I've seen this movie before.

  1. Existing private system does fairly well, vat majority customers receive what they pay for, and fairly satisfied with they they get for their money
  2. A few with little more than theoretical and / or academic knowledge says the system isn't fair, start complaining
  3. The complaining grows louder until the government can't ignore it any longer
  4. The governmnet, also have no more than a theoretical and / or academic knowledge of the technologies involved dictates how it's going to be from then on
  5. The government passes their 'solution' into law, claims it the best thing since sliced bread, and forces it on an unwilling market (the complainers have disappeared by then never to be found again)
  6. The government solution, not being based on any sort of technical reality, completely distorts the market forcing market players to change their business
  7. The market players change their business and the bill comes due. Surprise! It now costs more than it did before, and fewer customers are satisfied
  8. Those that started the complaining can't be found and / or never admit they complained in the first place
  9. Everyone's pissed off and complains that they are paying for and getting less = government in action
Last time something of this significance was when the government broke up Bell, and created the RBOCs (Regional Bell Operating Companies). Same thing then. Prices went up, and customer satisfaction went down. In the intervening years, the Bells have reformed themselves into fewer larger companies, if not a single large company. In fact, the most successful RBOC bought AT&T in recent years, and renamed itself at&t.

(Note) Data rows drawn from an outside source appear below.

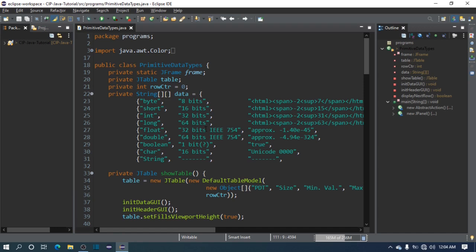We're back to another video in our Java tutorial series. In this video, we'll learn all about primitive data types, or specifically, Java primitive data types. We need to specify Java because each programming language has different sets of primitive data types.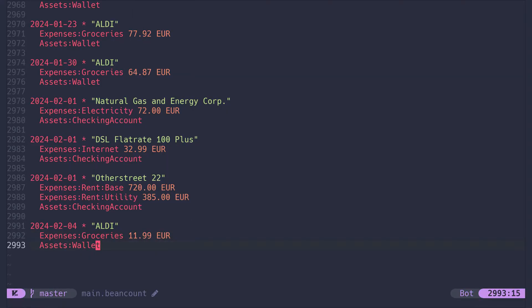This is everything that BeanCount needs from you. Just specify how much money goes from account A to account B and then let BeanCount derive tons of useful information for you.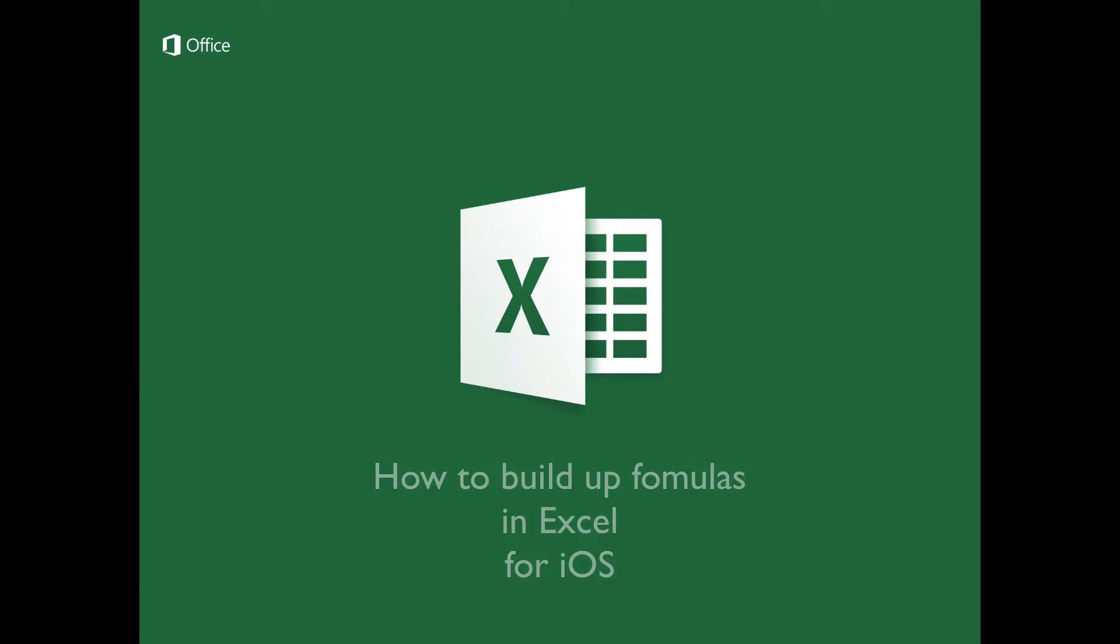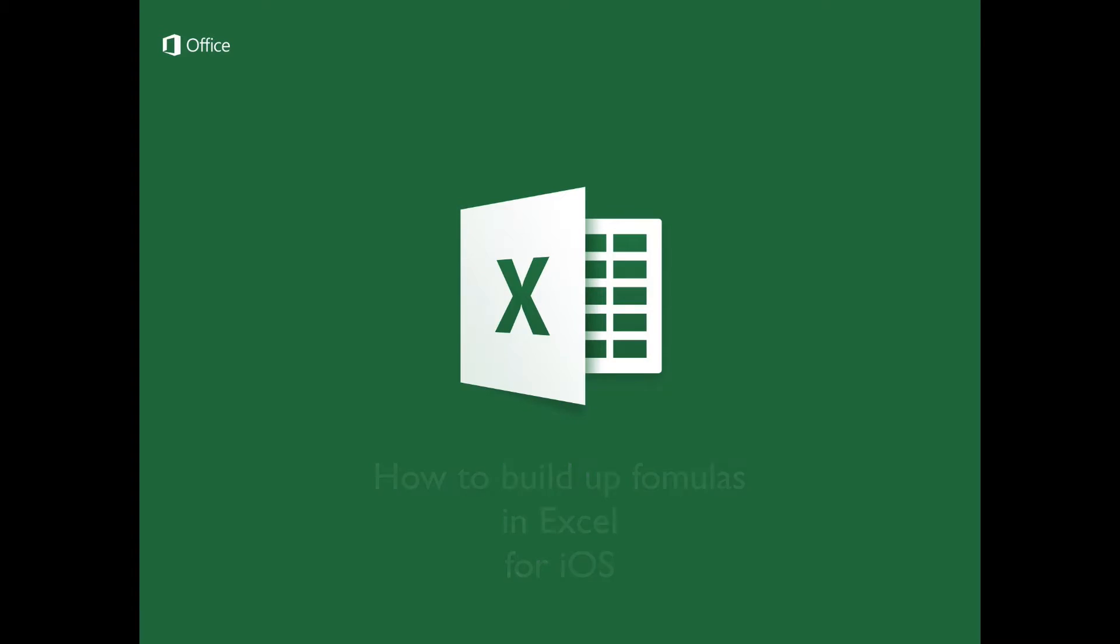How to build up formulas in Excel for iOS. Introduction: In this tutorial, you will learn to create formulas in Excel for iOS using the dedicated tool for such purposes.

When are we going to learn to leave well enough alone, and especially leave the government OUT of it?
 
I've seen this movie before.

  1. Existing private system does fairly well, vat majority customers receive what they pay for, and fairly satisfied with they they get for their money
  2. A few with little more than theoretical and / or academic knowledge says the system isn't fair, start complaining
  3. The complaining grows louder until the government can't ignore it any longer
  4. The governmnet, also have no more than a theoretical and / or academic knowledge of the technologies involved dictates how it's going to be from then on
  5. The government passes their 'solution' into law, claims it the best thing since sliced bread, and forces it on an unwilling market (the complainers have disappeared by then never to be found again)
  6. The government solution, not being based on any sort of technical reality, completely distorts the market forcing market players to change their business
  7. The market players change their business and the bill comes due. Surprise! It now costs more than it did before, and fewer customers are satisfied
  8. Those that started the complaining can't be found and / or never admit they complained in the first place
  9. Everyone's pissed off and complains that they are paying for and getting less = government in action
Last time something of this significance was when the government broke up Bell, and created the RBOCs (Regional Bell Operating Companies). Same thing then. Prices went up, and customer satisfaction went down. In the intervening years, the Bells have reformed themselves into fewer larger companies, if not a single large company. In fact, the most successful RBOC bought AT&T in recent years, and renamed itself at&t.

When are we going to learn to leave well enough alone, and especially leave the government OUT of it?

It has nothing to with actually making anything better. Its nothing more than an assault on private businesses. I wonder how many of Obama's tech buddies will make billions off this.
 
It's always funny to see people who know nothing about net neutrality try to tell people why it's bad.